As in the Van de Graaff machine, electric charge is moved by a mechanical transportation system. The charge is carried on a chain of 'pellets' (conductive tubes connected by links made of insulating material), that is used to build up high voltages on the Pelletron terminal. The moving pellets form variable capacitances on which charge is trapped, so as the pellet moves from the charging electrode towards the accumulator and the capacitance to ground reduces, the voltage rises, as charge cannot enter or leave the pellet except at the electrodes.

== Up and Down charging ==
While the pellets are in contact with the drive pulley or the top roller to encourage charge transfer, charged electrodes are brought very near to the pellets as they approach and leave the pulley /roller to maximise the charge transfer to the pellet. In a positive terminal Pelletron, the pellets pass under a negatively-charged inductor electrode just before they leave the drive pulley to maximise the effective positive charge on the pellets as they break contact with the grounded drive pulley. The most efficient arrangement, so called up and down charging has two non contact electrodes at each end (a positive 'suppressor' at the bottom near the downward pellets to limit the peak discharge current as they contact the pulley followed by a negative 'inductor' electrode on the upwards side to maximise the positive charge on the outbound pellet. At the top the situation is reversed, so at top roller, the arriving pellets experience the field of a negatively charged plate, and the departing ones a positively charged one, again to maximise charge transfer to the roller and top electrode.

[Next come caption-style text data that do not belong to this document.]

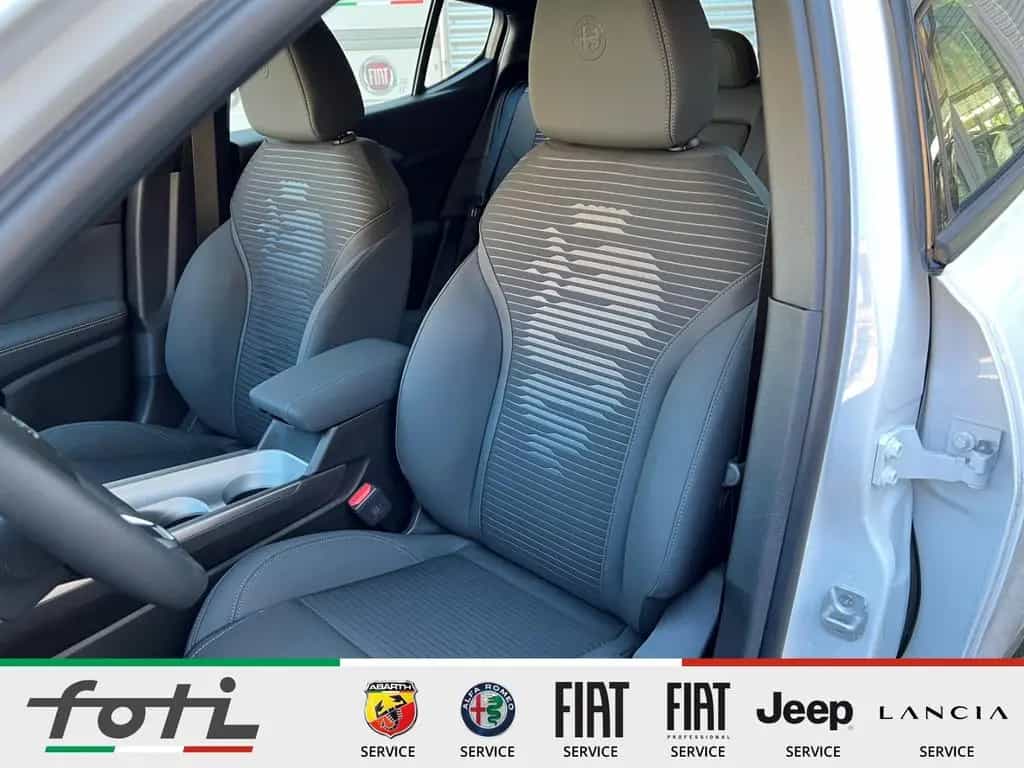 Alfa Romeo Tonale Sprint 1.5 160PS Automatik Navi Kamera 03/2026-photo-11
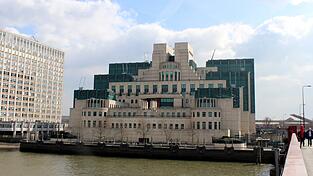Im markanten Hauptquartier des britischen Auslandsgeheimdienstes MI6, direkt an der Themse, w&auml;chst die Sorge, dass durch den mutma&szlig;lichen Geheimnisverrat britische Agenten und Informanten enttarnt worden sein k&ouml;nnten.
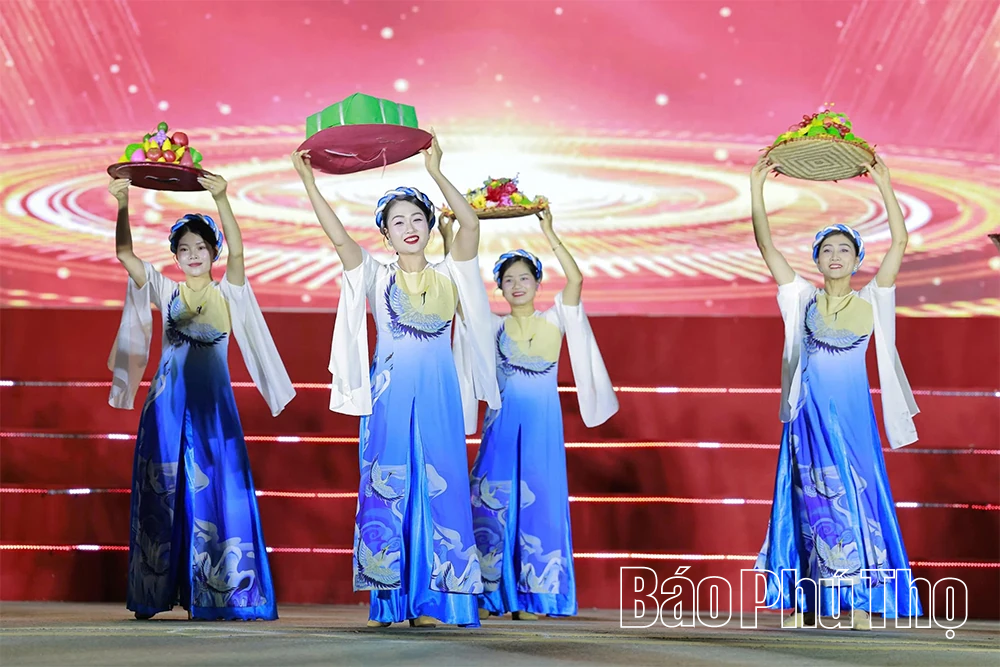 Ngập tràn sắc màu dân gian trong lễ hội “Thanh âm nguồn cội”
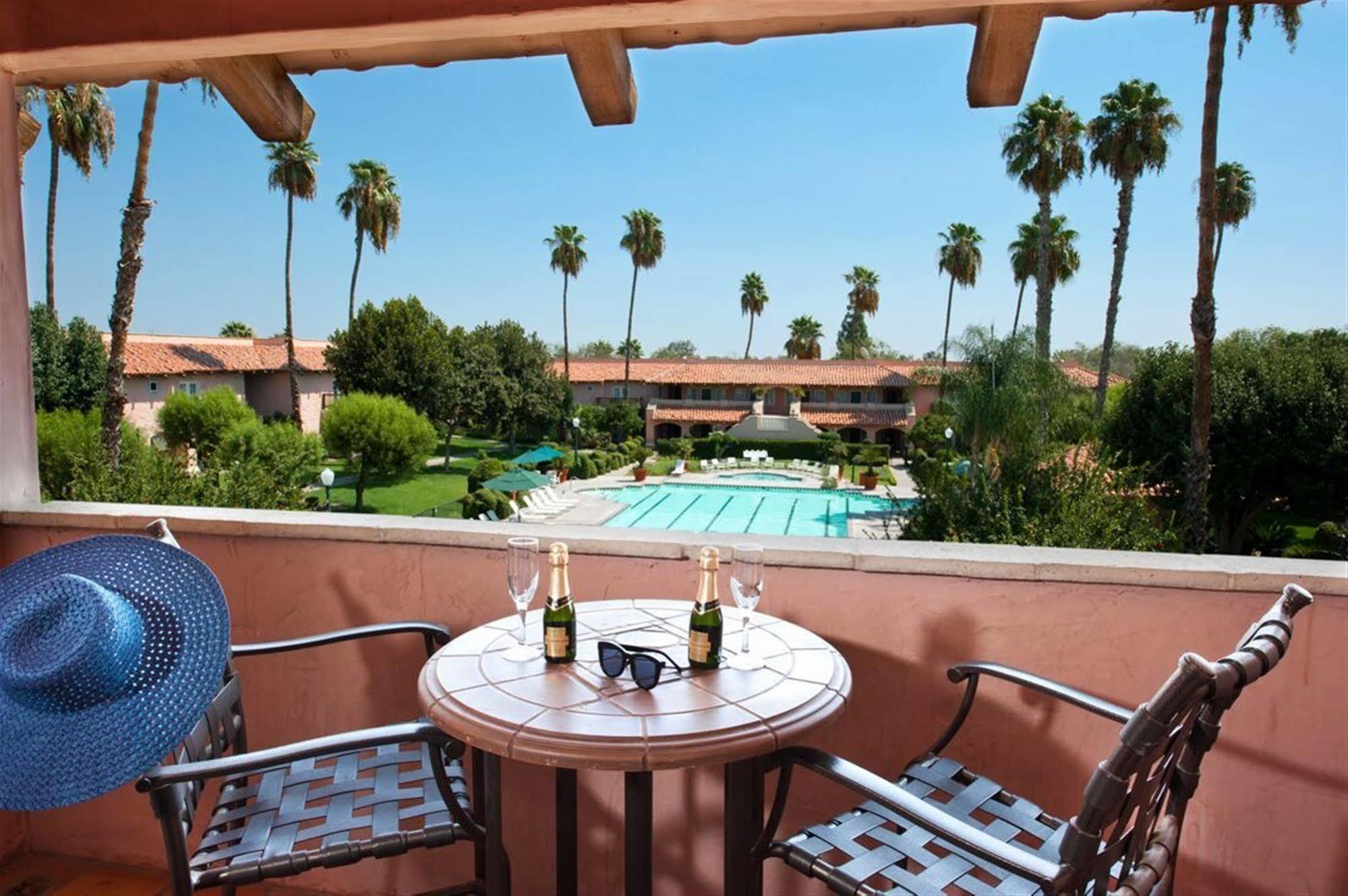 Harris Ranch Inn And Restaurant Huron Exterior foto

The system is enclosed by a pressure vessel filled with insulating gas, such as SF_{6} (sulfur hexafluoride), and an evacuated beamline. The potential difference between the terminal and ground is used to accelerate several kinds of particles, such as positrons, electrons, and negative and positive ions.

Compared to the belt of Van de Graaff generator, the pellet chain can operate at a higher velocity than a rubber belt, without wear creating dust and stoppages, while producing higher voltages and currents. The chain can be charged more uniformly than the belt of a Van de Graaff, so the terminal voltage and therefore particle accelerator energy is more consistent. Large pelletron designs can typically produce a DC Voltage of several tens of MV.

Pelletron particle accelerators are used in many fields, including materials analysis, nuclear physics, semiconductor development and production, pharmaceutical research, and in ultra-sensitive mass spectrometers for carbon dating and measurement of other rare isotopes.

An electrically identical but mechanically different system is the Laddertron, so named because of the physical resemblance to an articulated ladder. In effect it is two parallel pelletron chains with adjacent pellets being bridged by metal tubes, giving a greater surface area for storing charge without increasing the thickness of the chain. However, the chain is heavier, and cannot flex laterally which requires the length of linkages to be precisely matched.